16 From that day on, half of my servants worked on construction, and half held the spears, shields, bows, and coats of mail. And the leaders stood behind the whole house of Judah, 17 who were building on the wall. Those who carried burdens were loaded in such a way that each labored on the work with one hand and held his weapon with the other. 18 And each of the builders had his sword strapped at his side while he built. The man who sounded the trumpet was beside me. 19 And I said to the nobles and to the officials and to the rest of the people, “The work is great and widely spread, and we are separated on the wall, far from one another. 20 In the place where you hear the sound of the trumpet, rally to us there. Our God will fight for us.”
Neh. 4:21 So we labored at the work, and half of them held the spears from the break of dawn until the stars came out. 22 I also said to the people at that time, “Let every man and his servant pass the night within Jerusalem, that they may be a guard for us by night and may labor by day.” 23 So neither I nor my brothers nor my servants nor the men of the guard who followed me, none of us took off our clothes; each kept his weapon at his right hand.
One question that encourages me as a leader here: Why wasn’t this Nehemiah’s plan from the beginning?
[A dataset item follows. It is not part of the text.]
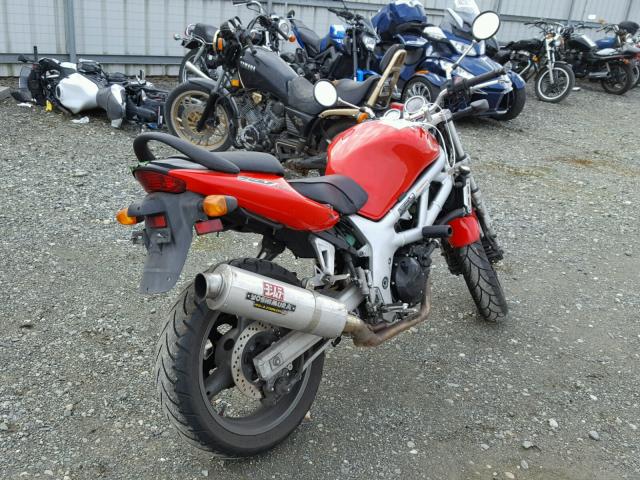 JS1VP52A4Y2101489 - 2000 SUZUKI SV650 RED photo 4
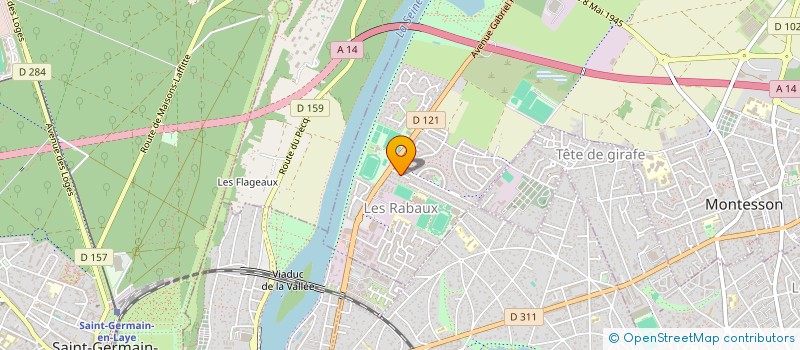 localisation de l'entreprise SCI ROTONDE  MONTESSON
Shouldn’t he had known that there would be opposition? Sometimes leadership is reactive. Nehemiah possibly never imagined that it would come to this.
• They divided the labour (verse 16)
o Some were building and some were ready to fight the leaders were supporting them and overseeing and ready to call to arms. Everybody had his role, people were using their gifts. Some worked, some served, and some waited for battle, sitting in armor waiting to go. Prayer ministry – labor. Here’s the plan.
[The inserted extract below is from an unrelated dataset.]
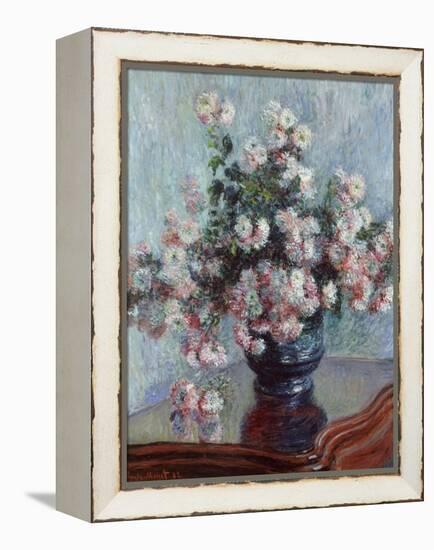 Chrysanthemums, 1882-Claude Monet-Framed Premier Image Canvas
• They equipped themselves to build and battle (17-18). This is vital. Some people go through their Christian life from crisis to crisis rather than equipping themselves for health, vitality and maturity.
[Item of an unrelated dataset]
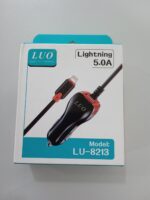 Cargador para auto Cable Lighting Lu-8213 + 1 USB 5.0A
o Christian identity: Victory over the Darkness
o Living by grace
o Discipleship: First Principles
• Marriage, Work, Purpose, Mission
• They came to the aid of others (19) Every one was ready to come to the aide of others. They encouraged each other: God will fight for us. Not messiah complex I can fix your problem – but pointing to God. Now I’ve seen this happen in our church as well – often it is not publicized.
o Fellowship groups.
o Other churches.
• They persisted. (21-23). Day and night.
o Move to Westboro. Not just an anointing service and initial outreach. We need to organize ourselves for continual sustainable prayer and community involvement.
o We persevere to proclaim the name of Jesus.
Jesus came to battle sin and build his church.